Educación superior no obligatoria
Constitucionalmente, el Estado no tiene la obligación de ofrecer de manera gratuita la educación superior, por lo tanto el aporte que haga el fisco a ese renglón debe estar revestido de todas las garantías de que lo reciba quien lo merece.
Incluso, debe llegar el momento en que se piense con seriedad si el Estado debe financiar a los centros de estudios superiores o a los estudiantes universitarios de manera individual, para que éstos tengan la potestad de cursar una carrera donde reciban la mejor oferta académica.

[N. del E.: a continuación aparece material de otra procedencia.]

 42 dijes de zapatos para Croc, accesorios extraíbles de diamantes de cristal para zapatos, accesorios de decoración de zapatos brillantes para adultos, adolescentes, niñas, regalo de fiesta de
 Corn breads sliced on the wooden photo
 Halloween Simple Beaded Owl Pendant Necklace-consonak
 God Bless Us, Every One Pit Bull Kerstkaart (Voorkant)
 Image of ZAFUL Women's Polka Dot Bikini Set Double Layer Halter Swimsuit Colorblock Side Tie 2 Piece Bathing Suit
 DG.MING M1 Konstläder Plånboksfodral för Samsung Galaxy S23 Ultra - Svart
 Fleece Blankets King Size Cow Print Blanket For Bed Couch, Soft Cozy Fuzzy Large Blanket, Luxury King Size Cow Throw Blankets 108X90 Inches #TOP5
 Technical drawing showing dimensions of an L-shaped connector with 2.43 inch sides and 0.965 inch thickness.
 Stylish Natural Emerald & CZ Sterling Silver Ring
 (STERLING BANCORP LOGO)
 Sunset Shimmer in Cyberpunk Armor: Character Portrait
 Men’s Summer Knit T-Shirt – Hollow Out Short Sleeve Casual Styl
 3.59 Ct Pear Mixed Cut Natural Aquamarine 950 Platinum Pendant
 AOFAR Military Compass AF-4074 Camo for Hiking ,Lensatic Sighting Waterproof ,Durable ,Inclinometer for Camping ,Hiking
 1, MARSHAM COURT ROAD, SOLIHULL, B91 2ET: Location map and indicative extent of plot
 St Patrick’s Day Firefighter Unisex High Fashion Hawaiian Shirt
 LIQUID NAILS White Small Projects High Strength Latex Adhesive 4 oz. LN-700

A nivel superior, los recursos públicos tienen que dirigirse a formar los profesionales que el país necesita a partir de un plan de desarrollo o a aquellos estudiantes que, sin importar la carrera que elijan, tienen condiciones excepcionales.
Resulta inaudito que la Universidad Autónoma de Santo Domingo, que funciona con fondos provenientes del Estado, esté discutiendo a estas alturas del juego si aplica o no la baja académica.
¿Por qué tienen los contribuyentes que mantener durante 20 años a una persona que evidentemente no ha hecho más que parasitar dentro de la universidad estatal?
Para solo poner un ejemplo.
La educación superior es cara, por lo tanto los recursos que a ese renglón dedica el Estado deben dirigirse a quienes lo merezcan por su talento o por su dedicación.
Quizás ha llegado el momento de aumentar la inversión preuniversitaria hasta un mínimo del 4% del Producto Bruto Interno (sólo como punto de partida) y ser más selectivo en lo que se destina a la educación universitaria.